O Junção 1 era um local desafiador porque os Grendels o haviam fortificado e concentrado suas forças ali. Apesar das tentativas de Renji e sua equipe de conquistar a fortaleza Grendel na Junção 1, eles sofreram perdas significativas, incluindo um membro das Wild Angels e três do antigo Clã Berserkers e Iron Knuckles. Por fim, eles não conseguiram capturar a fortaleza, mas conseguiram chegar à rota principal. À medida que avançavam e repeliam vários contra-ataques da fortaleza, eles perceberam algo.
Apesar de ser um grupo formidável, eles não eram um exército e, embora não pudessem capturar a fortaleza Grendel na Junção 1, conseguiram passar por ela. Além disso, os perseguidores após a invasão vieram em várias ondas, mas, no máximo, apenas dez Grendels, geralmente cinco ou seis, os perseguiam de cada vez.
Embora fossem poucos, os Grendel continuavam sendo adversários formidáveis.

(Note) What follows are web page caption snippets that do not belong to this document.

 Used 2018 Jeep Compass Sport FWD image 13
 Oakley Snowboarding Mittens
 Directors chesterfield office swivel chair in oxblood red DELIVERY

Não foi fácil, mas eles conseguiram repelir todos eles.
Talvez o número total de Grendel não seja tão alto.
Pelo menos eles não parecem se multiplicar como os prolíficos Goblins que surgem em abundância.
Cada Grendel é um combatente habilidoso, o que os torna bastante formidáveis como um grupo.
Entretanto, diferentemente das feras carnívoras, eles não nascem predadores; em vez disso, tornam-se lutadores proficientes por meio de experiência e treinamento.
O número de saliências em seus capacetes sugere que eles podem ter algum tipo de estrutura hierárquica.
Soldados treinados eliminam sistematicamente os inimigos sob as ordens de seus superiores.
Talvez eles busquem a qualidade em vez da quantidade.
Depois de passar pela Junção 1, Renji e sua equipe enfrentaram vários acidentes, como encontrar monstros desconhecidos, perder-se e ser emboscados por pequenos esquadrões de perseguição de Grendels. Apesar desses contratempos, eles conseguiram progredir com relativa facilidade até a Junção 2. Na Junção 2, os Grendel construíram uma fortaleza fortificada maior do que a Junção 1.
Parece que a sub-rota que se ramifica da rota principal na Junção 1 e retorna a Junção 2 está firmemente controlada pelos Grendel. Embora não confirmado, em algum lugar ao longo da sub-rota, pode haver um ponto de contato com a terra natal dos Grendels, uma espécie de “Grendel Otherworld” (Outro Mundo Grendel).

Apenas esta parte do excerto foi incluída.